The slimy, thick marine mucilage has covered vast expanses of water, harbours and endangered marine life.
Turkey is gearing up to clean the ‘sea snot’ that has threatened marine life and ecology in the waters around Istanbul.
Known as marine mucilage, the sea snot is a thick, slime-like organic matter partly caused by pollution, that has blanketed harbours and parts of the Sea of Marmara in recent weeks.
“It’s just like (human) saliva that consists of carbohydrates and protein,” said Professor Erkan Sahinkaya of Istanbul Medeniyet University at Faculty of Engineering and Natural Sciences.
“What we see on the surface is as much as what has collapsed and covered the seabed that we can’t see,” he told TRT World.
Marine mucilage is often called ‘sea snot’ because it looks like a large phlegmy sneeze on the surface of water. The organic substance can choke marine life including coral reefs, experts say.

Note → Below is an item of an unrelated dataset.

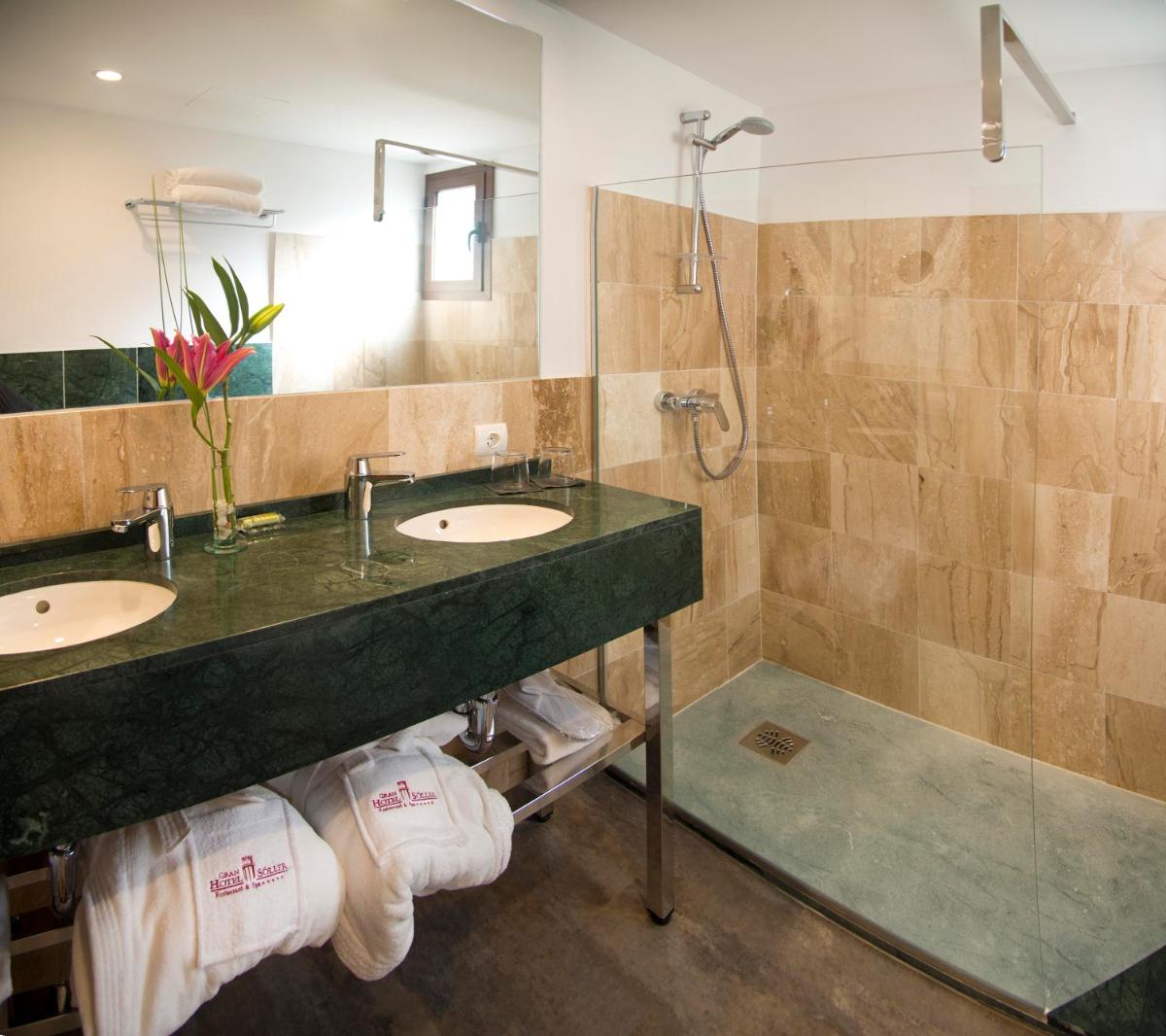 Un baño de Gran Hotel Soller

Pictures and videos that have emerged in recent days show large stretches of water engulfed by the sticky mixture that can trap viruses and bacteria such as E.coli.
The problem became big enough to warrant President Recep Tayyip Erdogan to instruct his environment minister, Murat Kurum, to expedite the clean-up work immediately.
Professor Sahinkaya said the ‘sea snot’ is a reaction to a host of reasons including pollution and climate change. Nitrogen and phosphorus, which comes along with the sewage that cities dump into the Sea of Marmara, can be contributing to the mucilage, he said.
“Four million cubic meters of domestic sewage is discharged every day into the Marmara sea. Half of this is discharged into the Sea of Marmara without advanced biological treatment. This means it contains high amounts of nitrogen, phosphorus, and carbon - all of which feed the microorganisms that produce the sea snot.”
Marine mucilage has appeared a couple of times in recent years in the Marmara Sea and surrounding waters. Scientists are unclear over what exactly causes the organic matter to clump together so that it becomes visible to the naked eye.
The Turkish government has put in place a 22-point action plan to deal with the situation. A sea vessel is already collecting samples to run lab tests that can better inform experts on how to move ahead.
Some 25 million people live in seven cities along the coast of the Marmara.
Professor Sahinkaya said it was imperative to expedite the work to remove the sea snot as oxygen levels for marine life were dropping.
“As per the government plan, water treatment stations can no longer discharge wastewater into the sea without advanced biological treatment.”
The advanced treatment plants have the capability to decrease nitrogen and phosphorus levels in the wastewater that goes into the sea.
Factories in dozens of industrial zones located on the edges of the Sea of Marmara are also contributing to marine mucilage, said Professor Sahinkaya.
“Now the government will tightly control how the industrial waste is discharged,” he said.
Authorities are also putting a plan in place to continuously run lab tests on wastewater to ensure that harmful material does not end up in the sea anymore.
The government’s action plan will monitor the streams that bring agrochemicals from the farmlands to the sea.
The measures being taken can help restore the ecology in the Sea of Marmara in the next 3-5 years but longer-term studies are required to avoid the sea snot problem in future, experts said.
“The issue of sea snot has been around for a while. But its appearance in such large quantities shows that it’s time to take concrete action,” said Professor Sahinkaya.
“This recent event shows that the Sea of Marmara can no longer bear the burden of such high amounts of nitrogen, phosphorus, along with the impact of climate change.”